Exercise instructions: From the line with "Netking Web Services Pvt. Ltd" to the line with "20071103_concoursLalbenque0002", output every line below exactly, both ends included. Skip the pictures.

Records for the task:
----

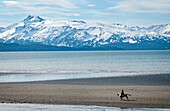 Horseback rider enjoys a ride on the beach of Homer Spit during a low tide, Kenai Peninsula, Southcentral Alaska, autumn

----

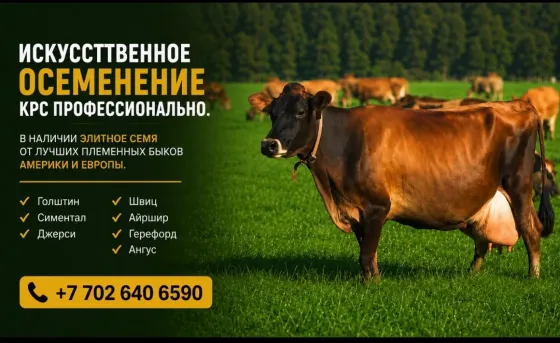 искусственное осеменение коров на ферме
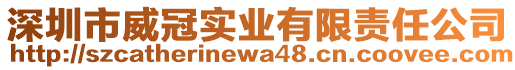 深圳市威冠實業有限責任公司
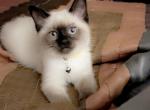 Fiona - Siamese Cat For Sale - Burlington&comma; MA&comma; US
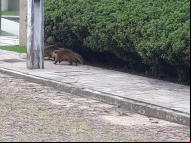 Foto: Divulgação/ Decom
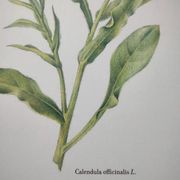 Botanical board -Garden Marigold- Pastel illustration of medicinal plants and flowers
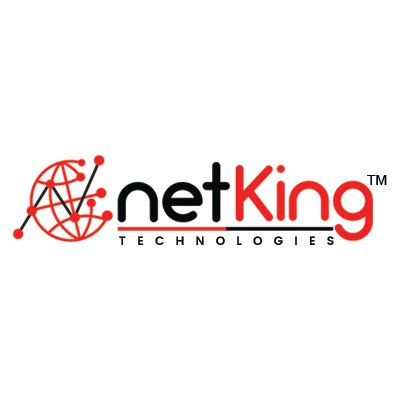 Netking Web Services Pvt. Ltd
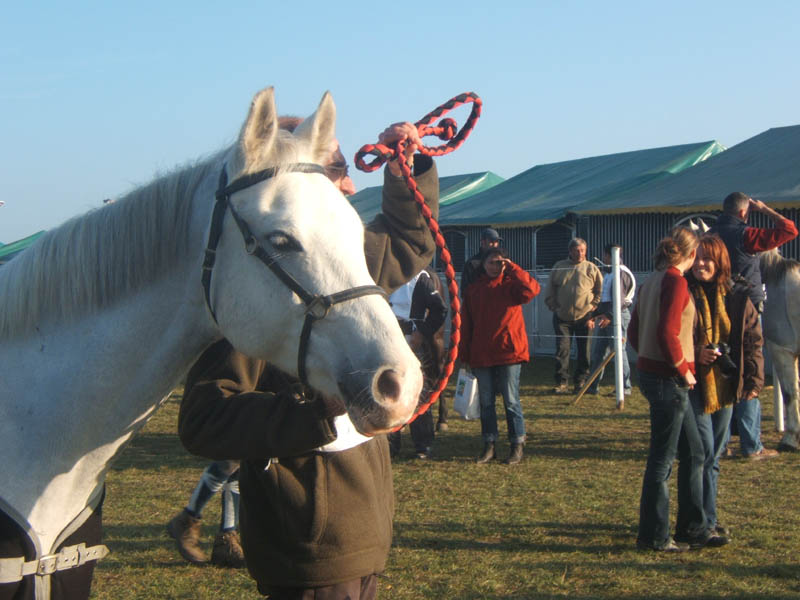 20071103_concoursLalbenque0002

----

Result of the task:
 Netking Web Services Pvt. Ltd
 20071103_concoursLalbenque0002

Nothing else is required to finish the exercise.